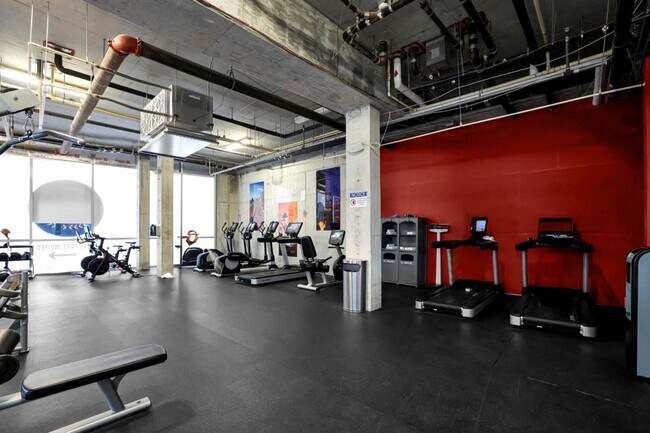 Building Photo - 777 N Ocean Dr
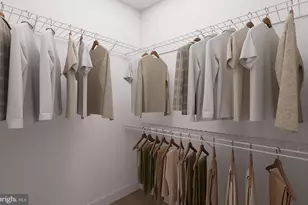 9475B Sprague Ave, Fairfax, VA 22031 - Photo 13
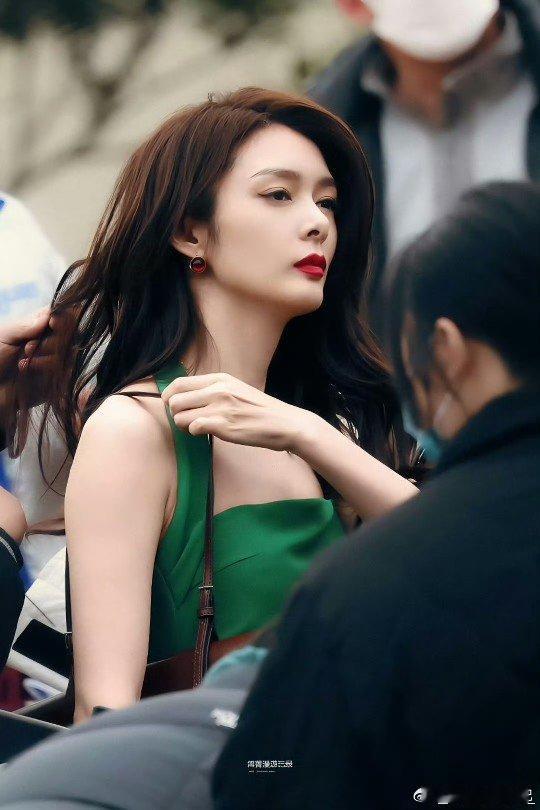 傅菁文荣奖红毯红毯名场面诞生了！傅菁一身战袍霸气登场，步伐稳、眼神飒，风都要为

→ **Your goal**: Copy the entire listing exactly but skip the pictures.

→ **Final answer**:
 Building Photo - 777 N Ocean Dr
 9475B Sprague Ave, Fairfax, VA 22031 - Photo 13
 傅菁文荣奖红毯红毯名场面诞生了！傅菁一身战袍霸气登场，步伐稳、眼神飒，风都要为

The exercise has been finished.